Meet das Handy – the German word for “mobile phone” or “cell phone.” It’s a false friend. One that makes me shake my head. First of all, in English “handy” is an adjective and that das and the capital “H” indicate that the German Handy is a noun. This means it behaves like “candy” or “party,” neither of which make sense when broken down into “stem + y” the way an adjective with this form would (even if, as in the case of “hand + y,” the derivation feels a bit forced). The fact that it is a noun in German also means it has a plural form, in this case it is one on the ones that was affected by spelling reform (more on this in future posts) – previously, you could write die Handies but now you have to write die Handys.

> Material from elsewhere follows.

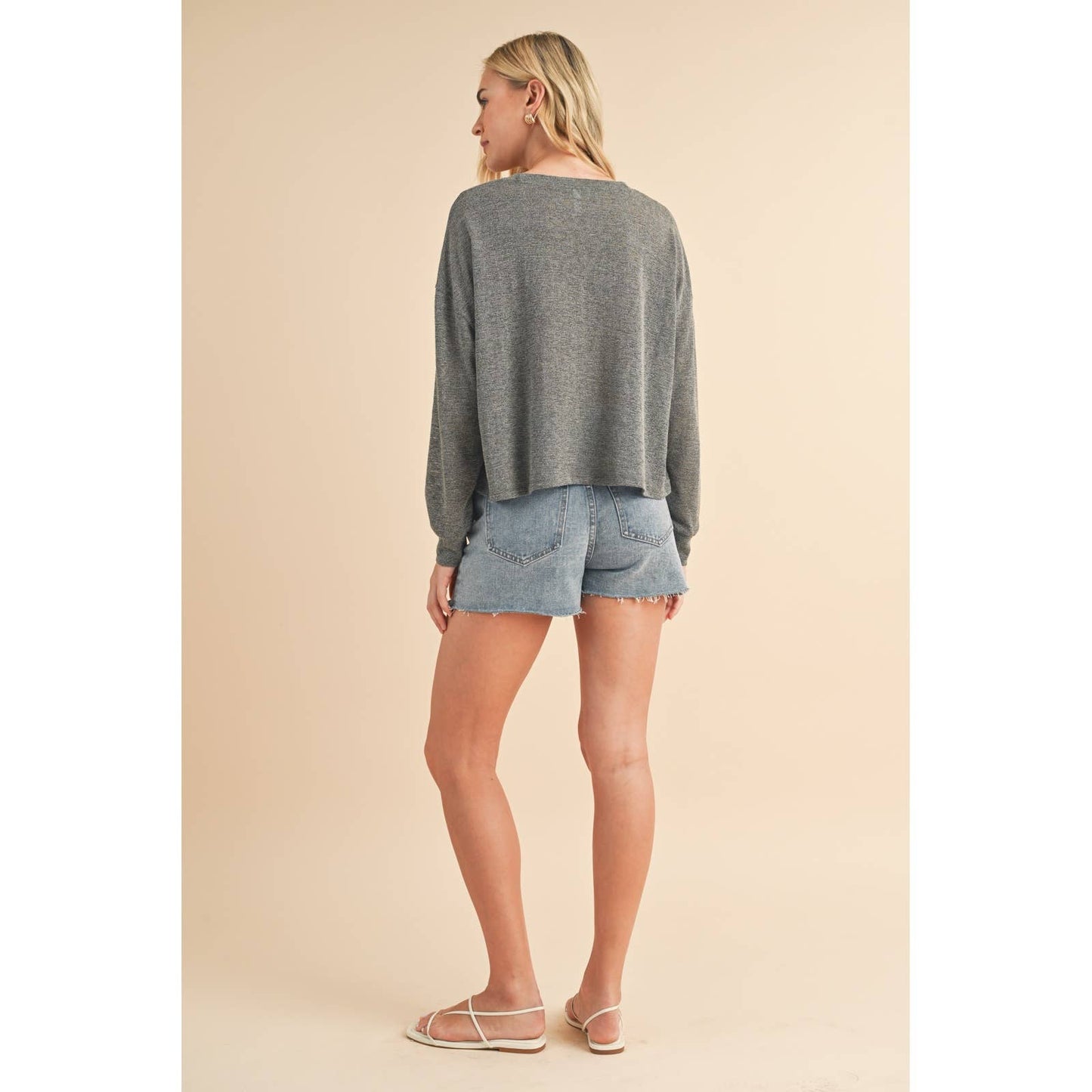 Charcoal Drop Shoulder Boxy Top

Next, although we do have the word “handset” in the world of communication devices, the word “handy” doesn’t bring to mind “handset” or even “hand held,” it brings to mind “useful” or “nice to have” or “convenient.” Yes, a phone that you can take with you is certainly “handy” but then so are so many things, for instance, the pocket tissues called “Handy-Andies.”
Finally, there is the issue of pronunciation. I want to say Handy the way I would say “handy” but that could get me looks almost as odd as if I asked for someone’s “*Handy number” in the US. Das Handy is [ˈhɛndi] and “handy” is [ˈhændi]. Thank goodness that the stress is on the same syllable at least, which cannot be said for Psychologie and “psychology” or Autorin and “author,” both of which I regularly stumble over when I try to talk about my professional life in German.
Perhaps I should simply relax and take Handy as a back-handed compliment about the versatility of English?!